John Piper has always been an inspiration, and I don’t remember anyone more clearly enjoying him than a former roommate that I had. Every day, she soaked in devotionals produced by his ministry, Desiring God. And she would often share those devotionals with me or with our coworkers.

The Satisfied Soul by John Piper is a book that now delivers daily meditations on God’s Word, Jesus, and His Sovereignty (in classic Piper style) in the absence of my roommate. I recommend this collection to anyone who desires to understand more about God and His wonderfulness. Only Jesus can satisfy, and, when we have Him, we become a satisfied soul.

I received a complimentary copy of this book from Blogging for Books in exchange for my honest review.


Taste and See

John Piper.

Anyone who is familiar with American evangelicalism will recognize that name. And anyone who has heard one of his sermons will agree: If there is one idea to which Piper has dedicated his life, it is that God is infinitely good and that, in enjoying and glorifying Him, we are eternally satisfied.

Piper’s new book Taste and See falls in line with this common thread, urging readers through daily devotional readings to experience and enjoy God.

I have often been challenged and encouraged by Piper’s messages, and I look forward to reading this book over the course of a year. And I am sure that I will recommend it to others…starting with you. 🙂

I received a complimentary copy of this book from Blogging for Books in exchange for my honest review.

Lazarus, Come Forth!


Lazaruth, Lazaruth, Lazaruth…I remember hearing my dad mispronounce this famous biblical character’s name again and again. Each time, the little English teacher inside of me would cringe.

But, aside from Lazarus’s somewhat lisped final syllable, my dad always had something wonderful to share with us about this man.

And so does Joanna Weaver. Known more famously as the author of Having a Mary Heart in a Martha World, Weaver has recently published Lazarus Awakening, a wonderful study about a man who, through his own death and resurrection experience, encountered the heart of God.

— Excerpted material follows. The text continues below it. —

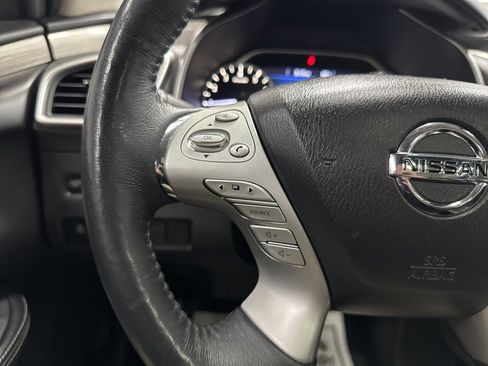 Used 2018 Nissan Murano AWD image 11
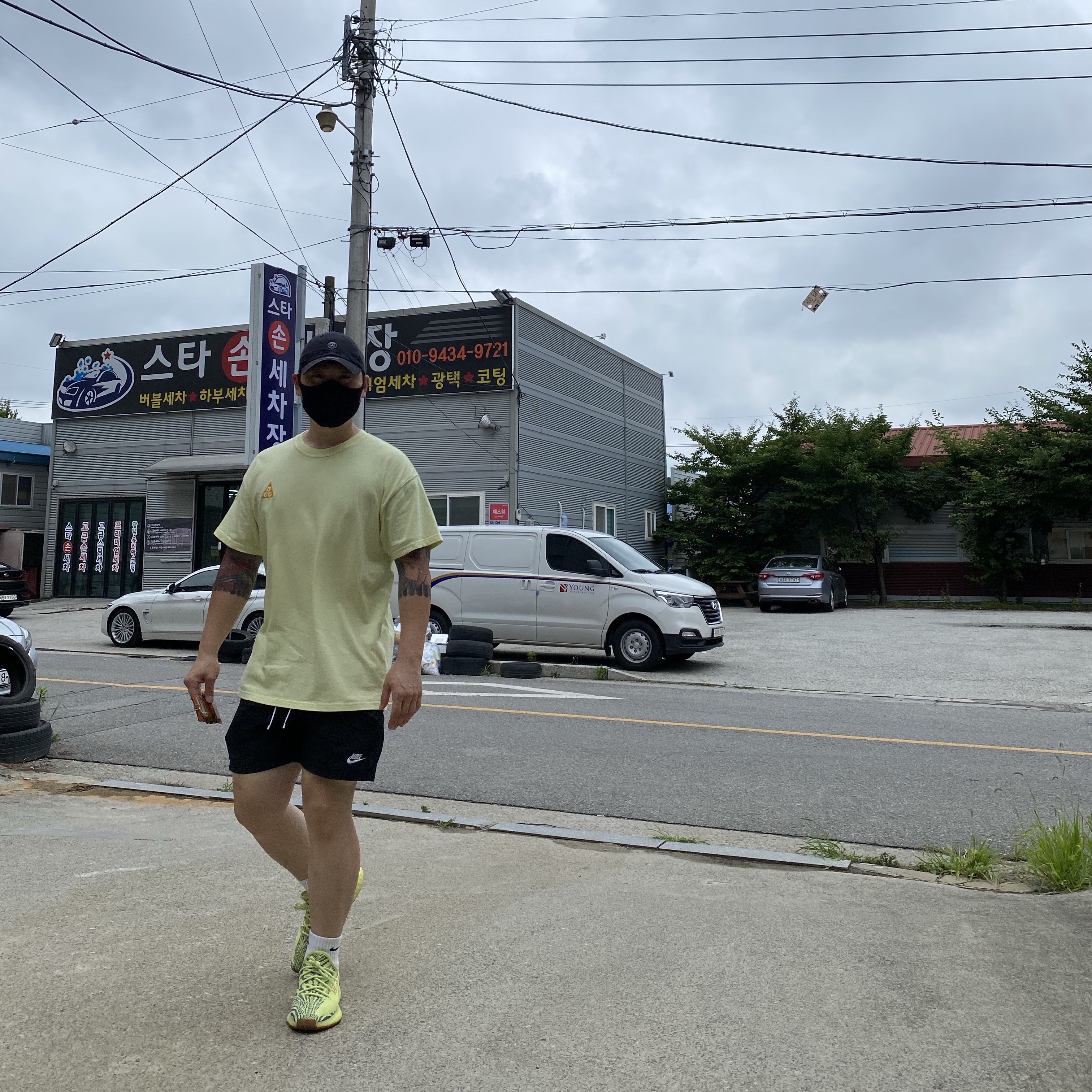 Adidas Yeezy Boost 350 V2 Semi Frozen Yellow, Nike M NRG ACG T-Shirt University Red - US/EU 착용 스타일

As Christians, we all too often fall back into a works-based mentality of salvation, thinking–however much we may hate to admit it–that we have somehow deserved or earned God’s favor for our lives.

Not so, Lazarus’ story proclaims.

Weaver masterfully emphasizes biblical truth on this topic. Beginning her book with a quote from fourth-century Christian Serapion of Thmius (“Lord! We entreat you, make us truly alive!”), she establishes a clear connection between Christ and spiritual life.

As a woman, I realize how often my mind begins to think in terms of earning God’s favor. Because of this, I am particularly grateful for Weaver’s work, and I believe that many other women will also find it helpful, challenging, refreshing, and inspiring. I recommend it for any woman–age 9 to 101.

I received a complimentary copy of this book from Blogging for Books in exchange for my honest review.